Extracted entries below:
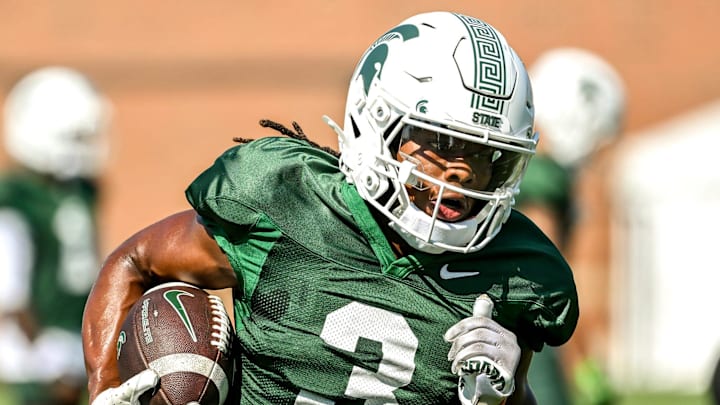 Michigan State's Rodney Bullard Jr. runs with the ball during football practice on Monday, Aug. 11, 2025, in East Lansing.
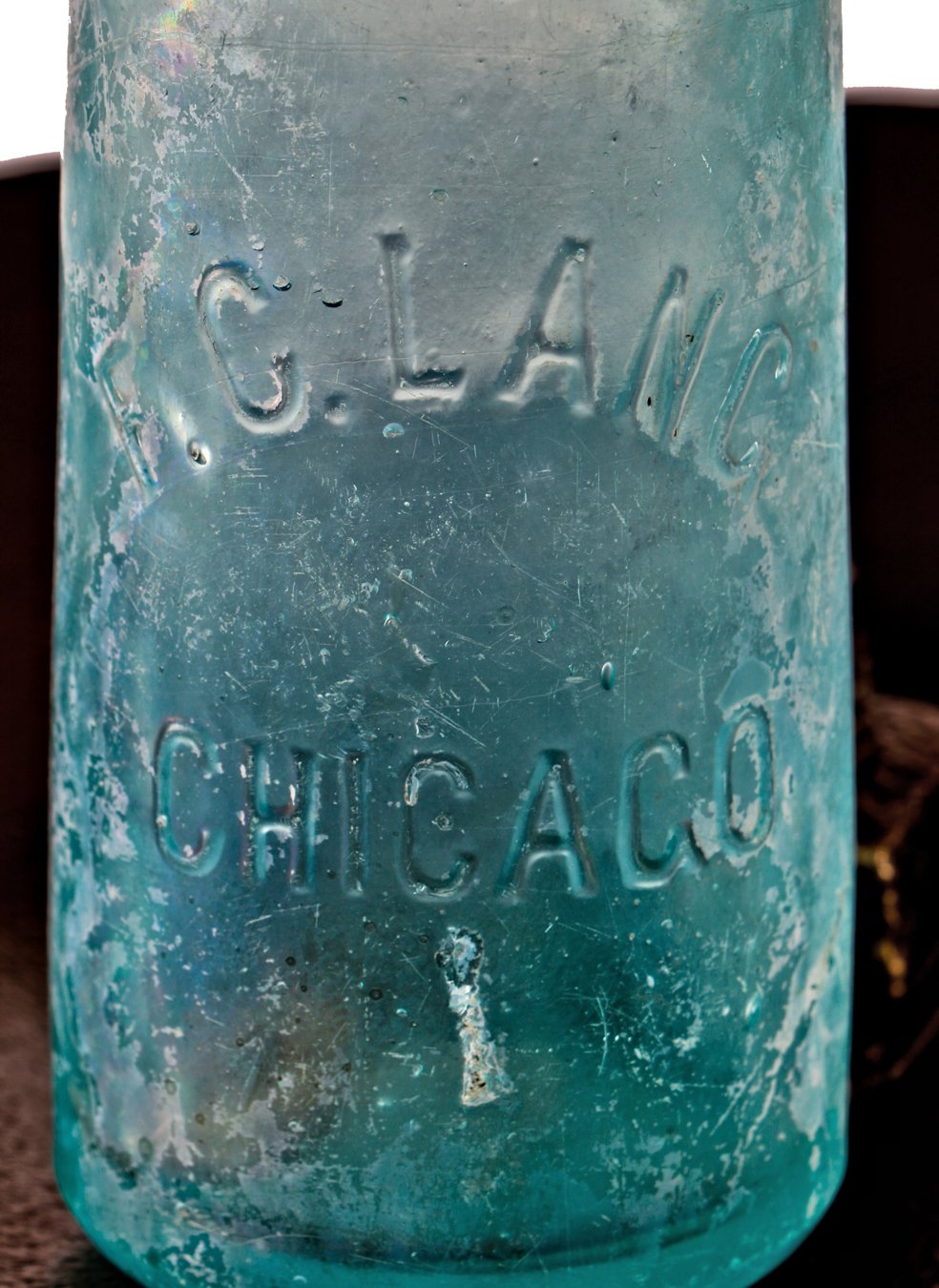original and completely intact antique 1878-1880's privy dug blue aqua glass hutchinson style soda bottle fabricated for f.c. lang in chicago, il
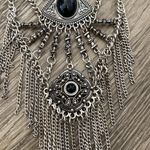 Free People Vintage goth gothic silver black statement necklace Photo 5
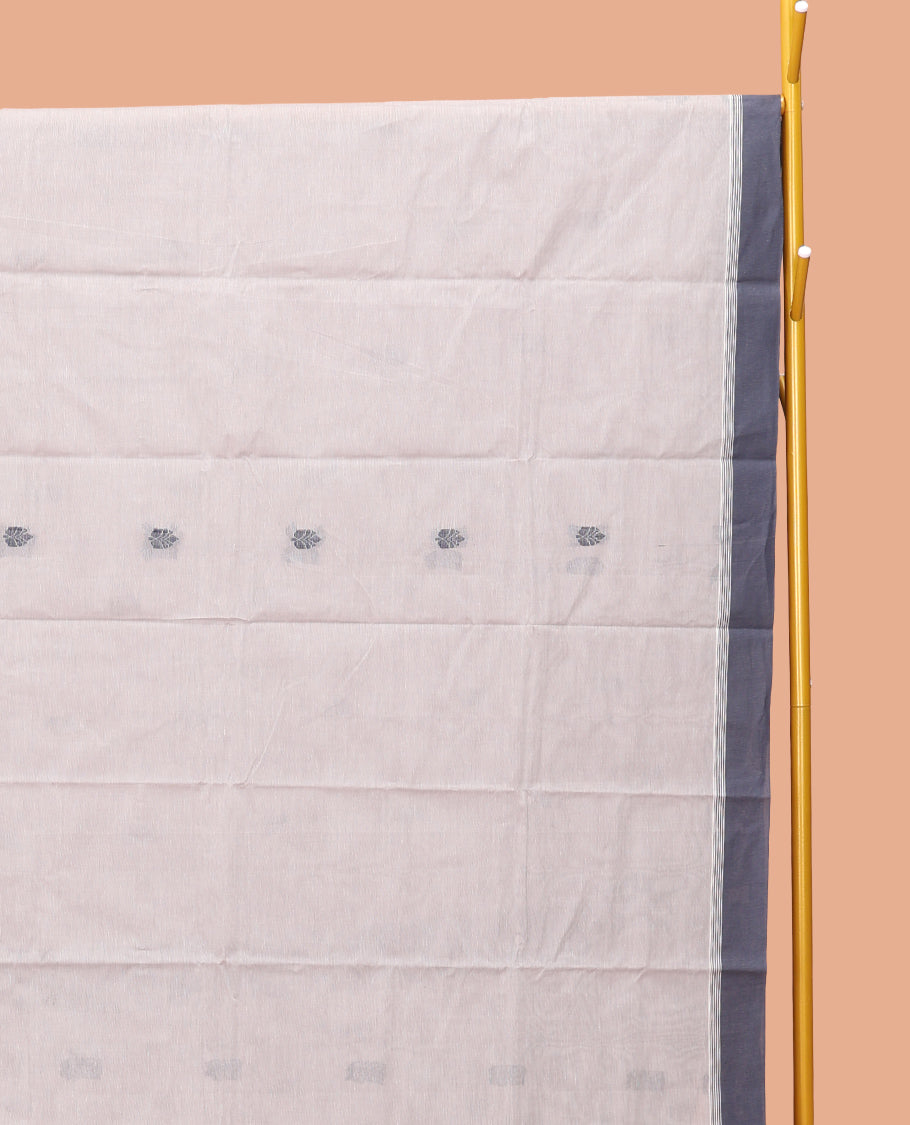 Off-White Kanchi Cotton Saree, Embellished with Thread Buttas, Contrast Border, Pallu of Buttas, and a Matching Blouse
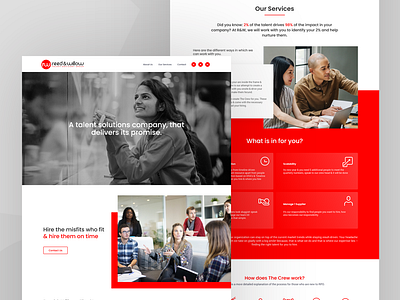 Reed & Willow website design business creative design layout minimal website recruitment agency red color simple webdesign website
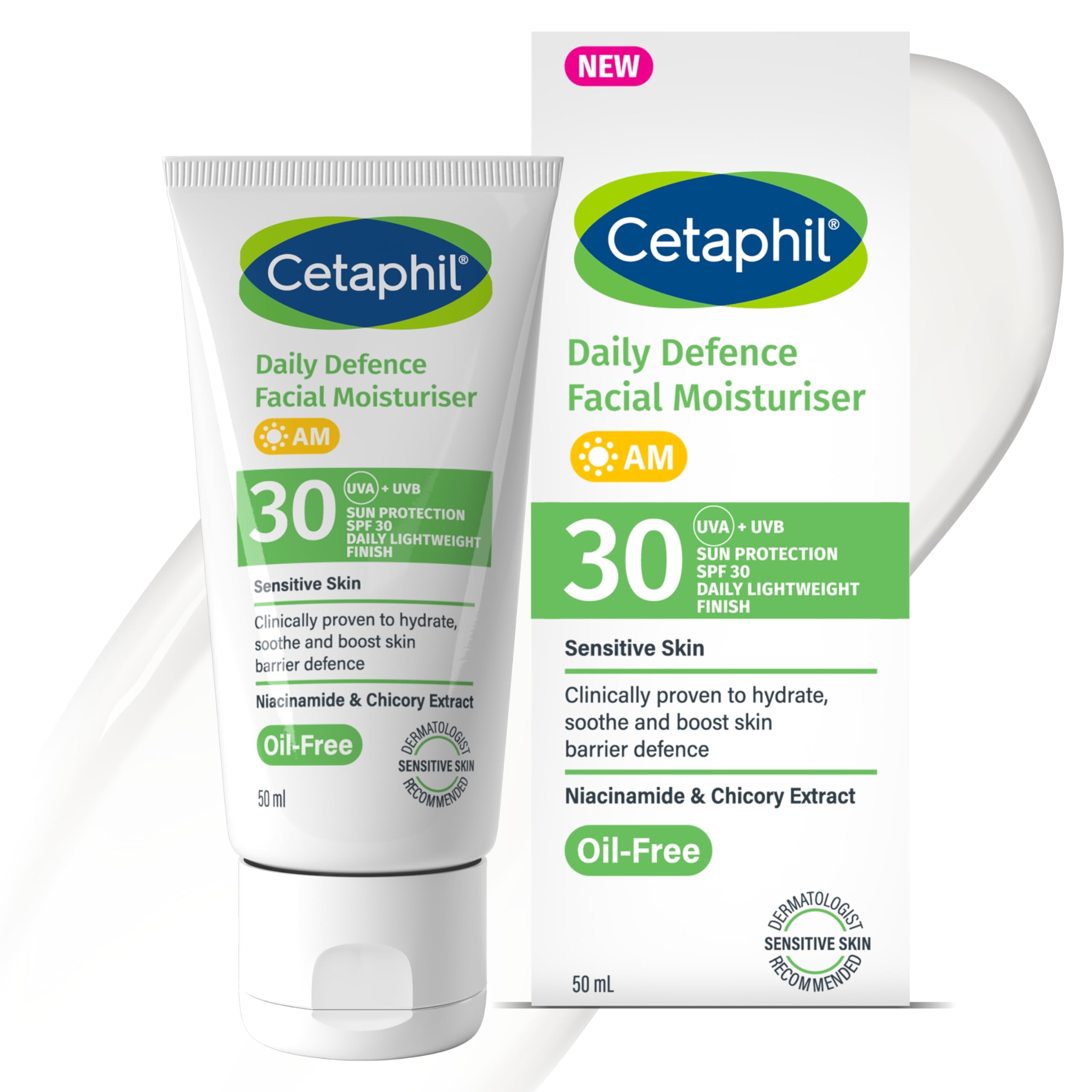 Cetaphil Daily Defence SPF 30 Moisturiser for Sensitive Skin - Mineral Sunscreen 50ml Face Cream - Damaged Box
End of Extracted entries.
Extracted entries below:
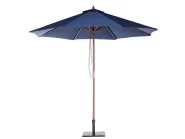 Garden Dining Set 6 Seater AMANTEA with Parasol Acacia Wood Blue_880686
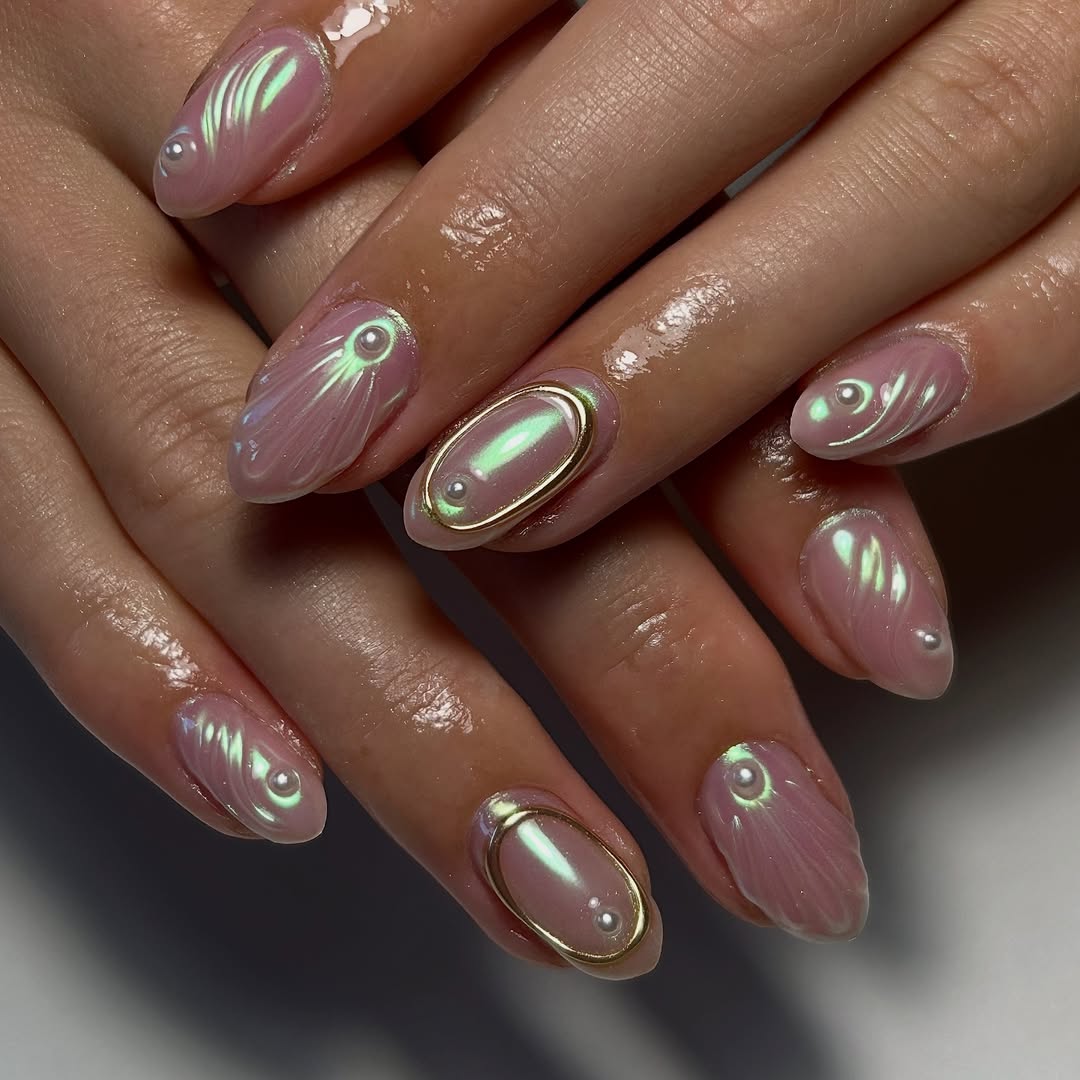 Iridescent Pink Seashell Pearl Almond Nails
End of Extracted entries.
* [Exercise description]
Please repeat, exactly as written, the lines in the records above, starting with the one that has "original and completely" and going on through the one that has "Cetaphil Daily Defence". Pictures are to be left out.

* [Task answer]
original and completely intact antique 1878-1880's privy dug blue aqua glass hutchinson style soda bottle fabricated for f.c. lang in chicago, il
 Free People Vintage goth gothic silver black statement necklace Photo 5
 Off-White Kanchi Cotton Saree, Embellished with Thread Buttas, Contrast Border, Pallu of Buttas, and a Matching Blouse
 Reed & Willow website design business creative design layout minimal website recruitment agency red color simple webdesign website
 Cetaphil Daily Defence SPF 30 Moisturiser for Sensitive Skin - Mineral Sunscreen 50ml Face Cream - Damaged Box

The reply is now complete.